Give the lines again exactly as they appear, from the first line of the listing through the line containing "Hazbin Hotel POP!", and omit every picture.

### Dataset records
★ ★ ★ ★ ★
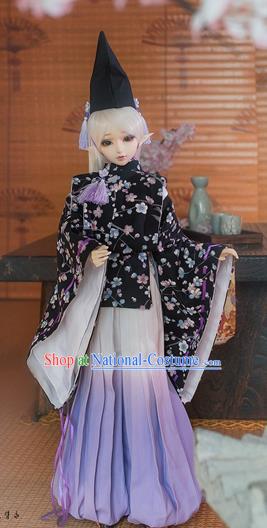 Traditional Asian Japan Clothing Japanese Fashion Apparel Kimono Costume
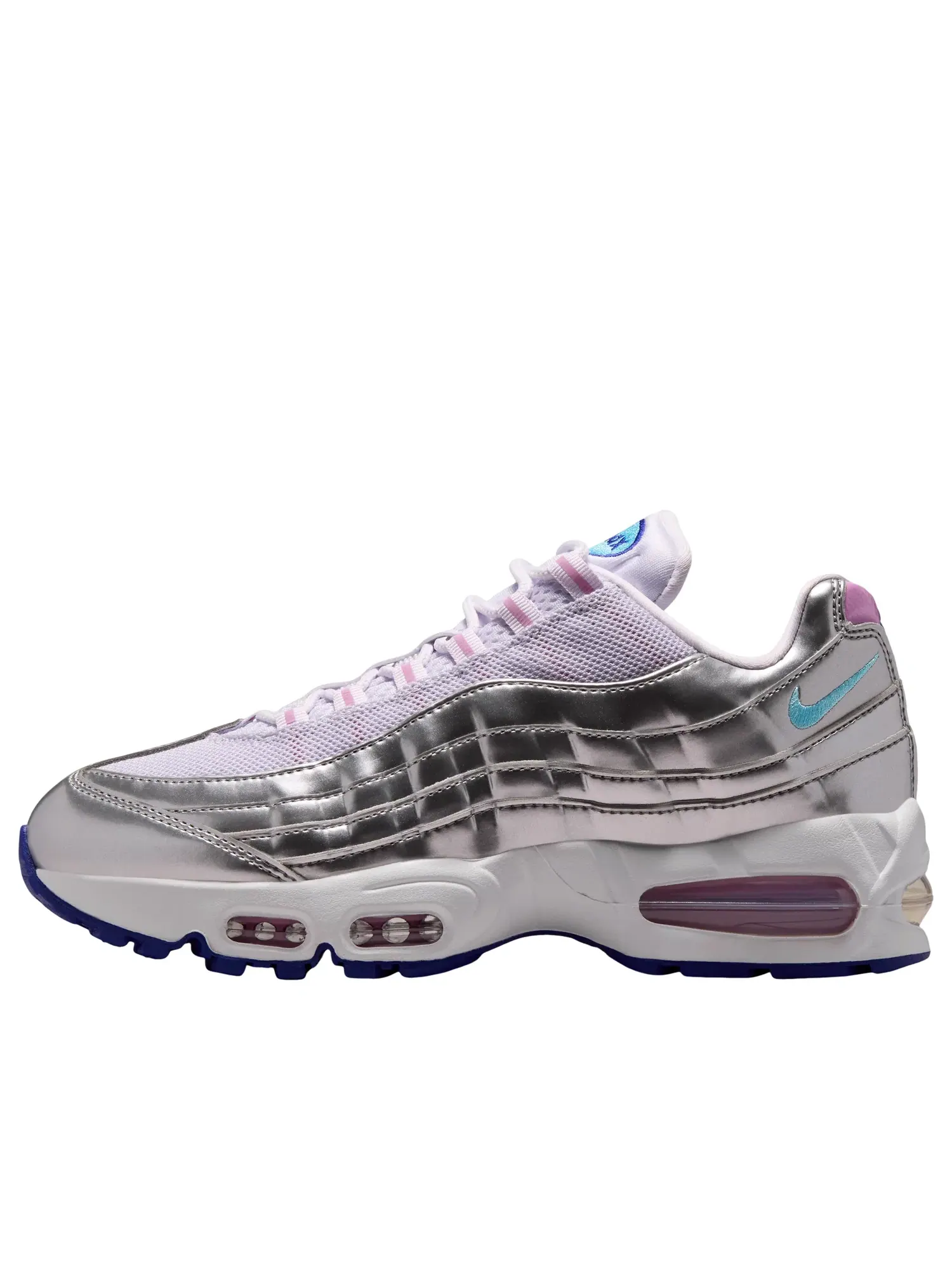 Женские кроссовки с низким верхом Air Max 95 WNBA All-Star Nike — изображение 1 из 7, серебряный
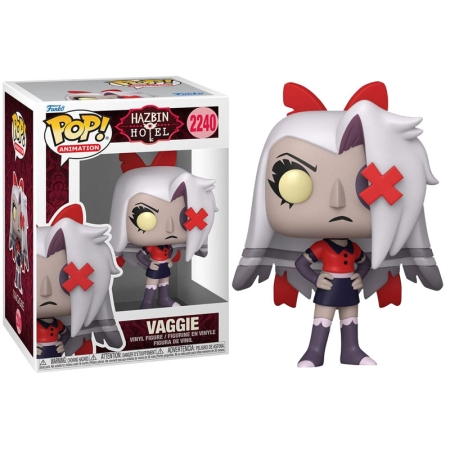 Hazbin Hotel POP! Figurină de vinil animată - Vaggie Angel Form #2240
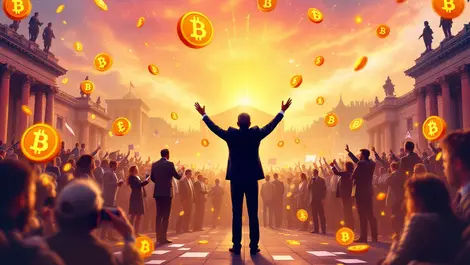 Cryptocurrency investments rise in anticipation of Trump era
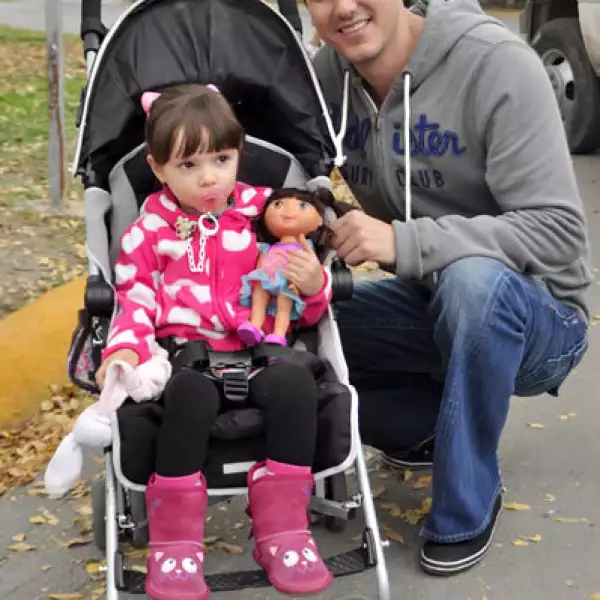 Romina Valencia e Iván Valencia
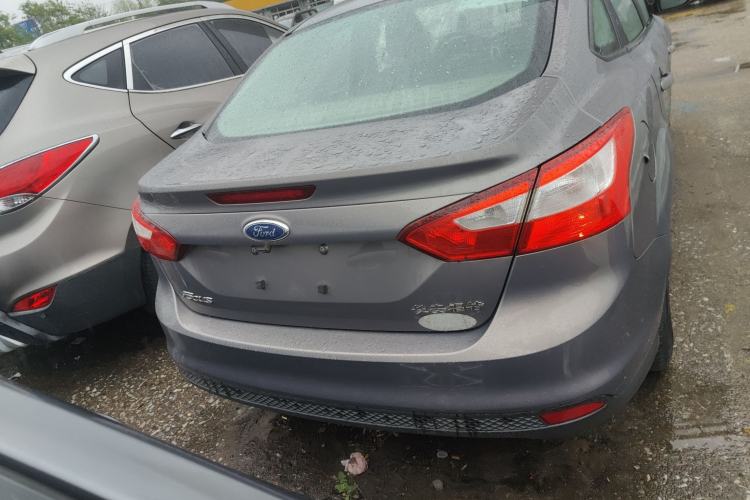 Used Ford Focus 2012 Sedan 1.6L Automatic Comfort Model Rear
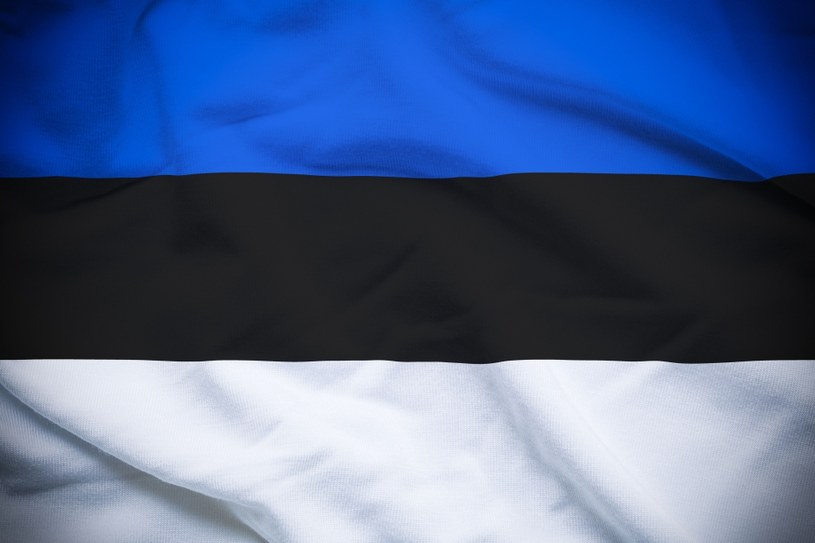 Flaga Estonii /123/RF PICSEL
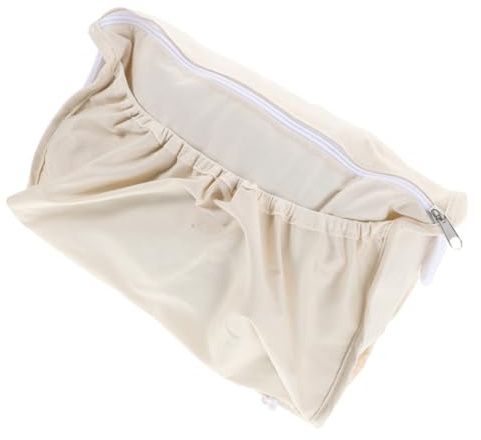 DECOMELODY Borsa Portaoggetti per Passeggino Grande Capacità Organizer Doppia Tasca Anteriore in Oxford Resistente All’Acqua Borsa Sospesa Elegante per Accessori Ragazzo Ragazza Adatta a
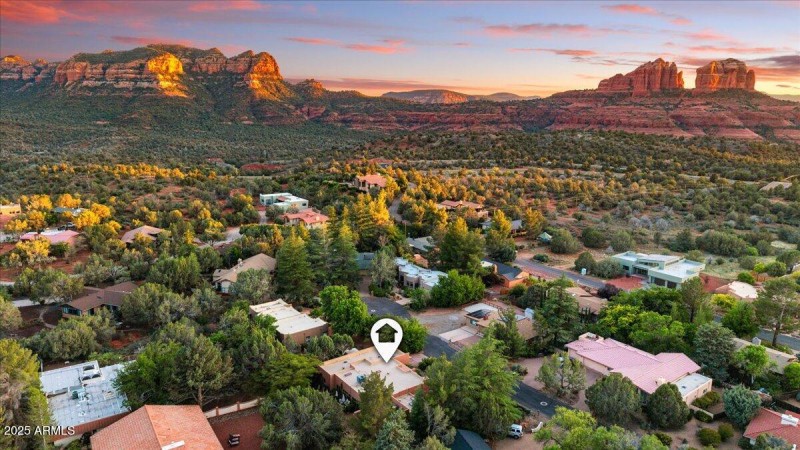 51-Aerial View Sunset SE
★ ★ ★ ★ ★
### The answer
 Traditional Asian Japan Clothing Japanese Fashion Apparel Kimono Costume
 Женские кроссовки с низким верхом Air Max 95 WNBA All-Star Nike — изображение 1 из 7, серебряный
 Hazbin Hotel POP! Figurină de vinil animată - Vaggie Angel Form #2240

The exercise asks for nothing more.